• EXERCISE: Restate the listing below word for word. No picture belongs in the result.

________

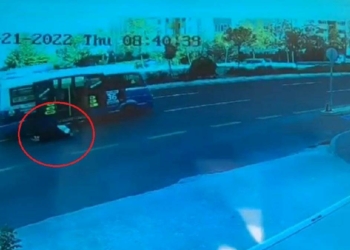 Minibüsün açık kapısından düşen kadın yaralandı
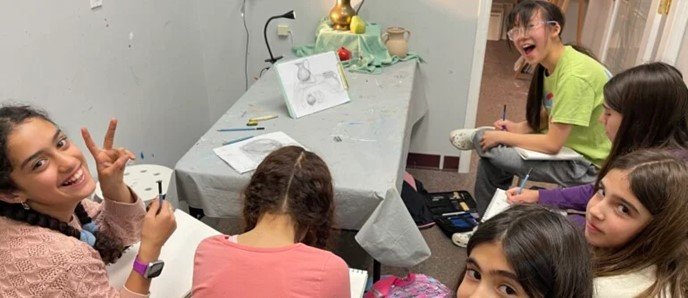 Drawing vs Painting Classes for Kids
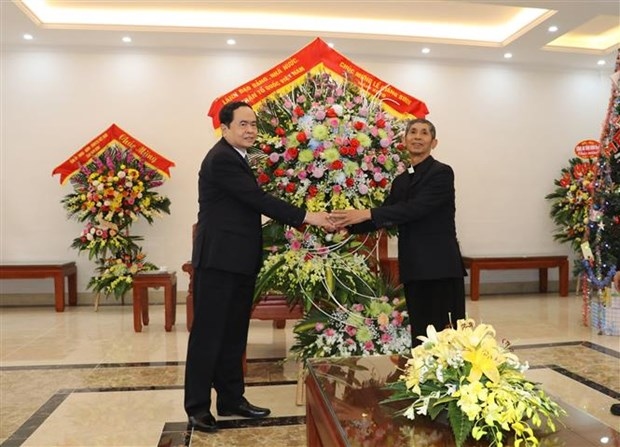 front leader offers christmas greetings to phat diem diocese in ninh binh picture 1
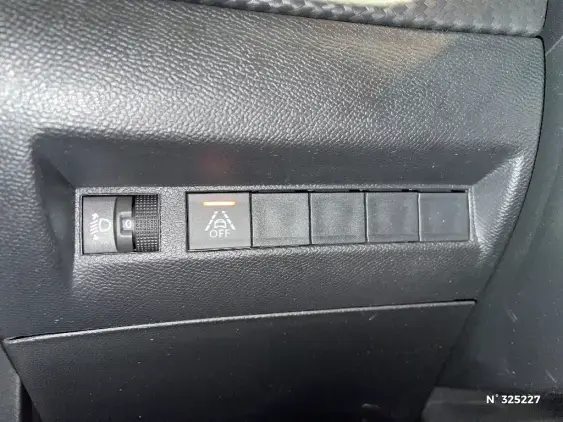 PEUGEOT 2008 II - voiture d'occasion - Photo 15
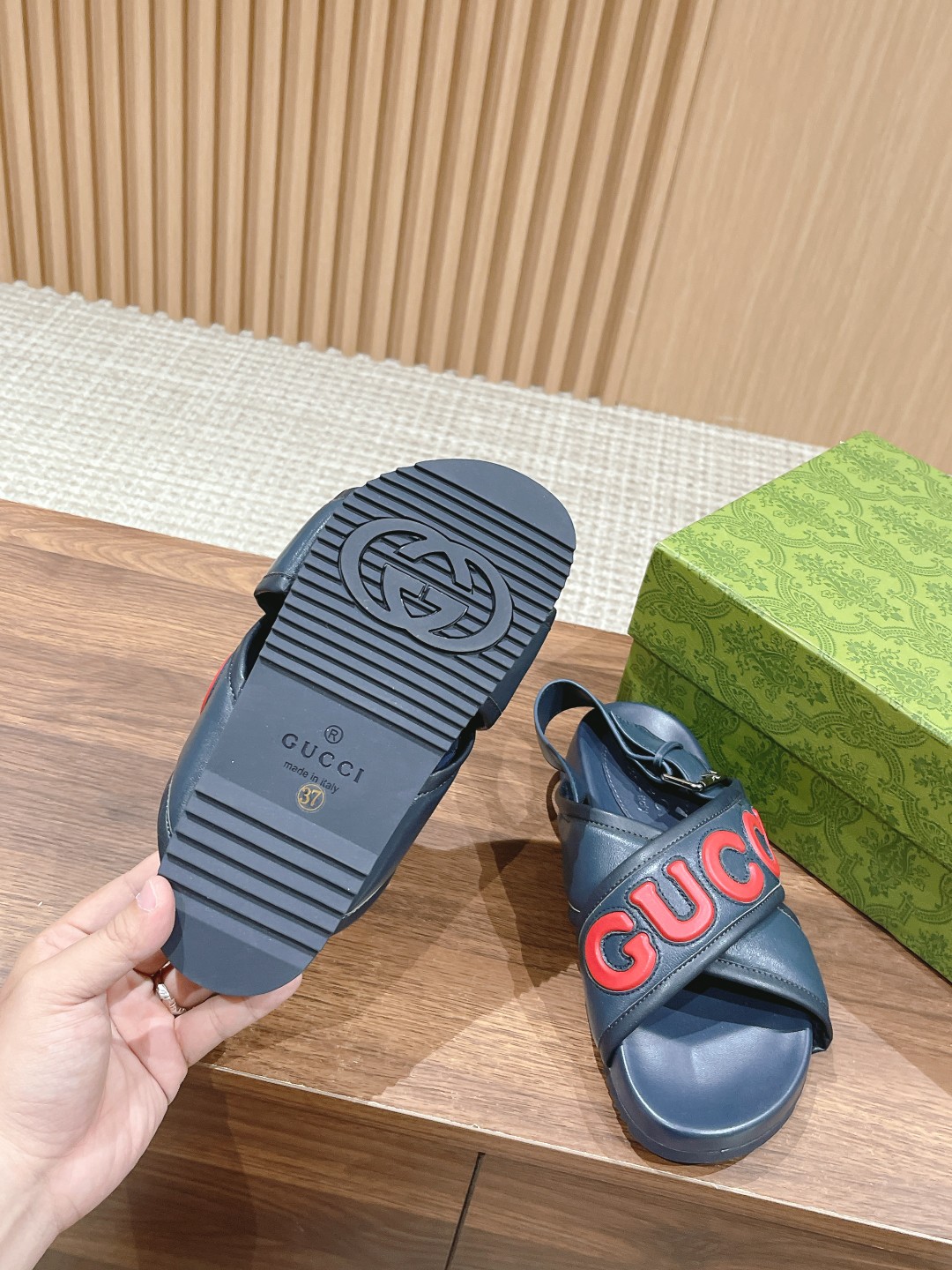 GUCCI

________

• RESULT OF THIS TASK:
 Minibüsün açık kapısından düşen kadın yaralandı
 Drawing vs Painting Classes for Kids
 front leader offers christmas greetings to phat diem diocese in ninh binh picture 1
 PEUGEOT 2008 II - voiture d'occasion - Photo 15
 GUCCI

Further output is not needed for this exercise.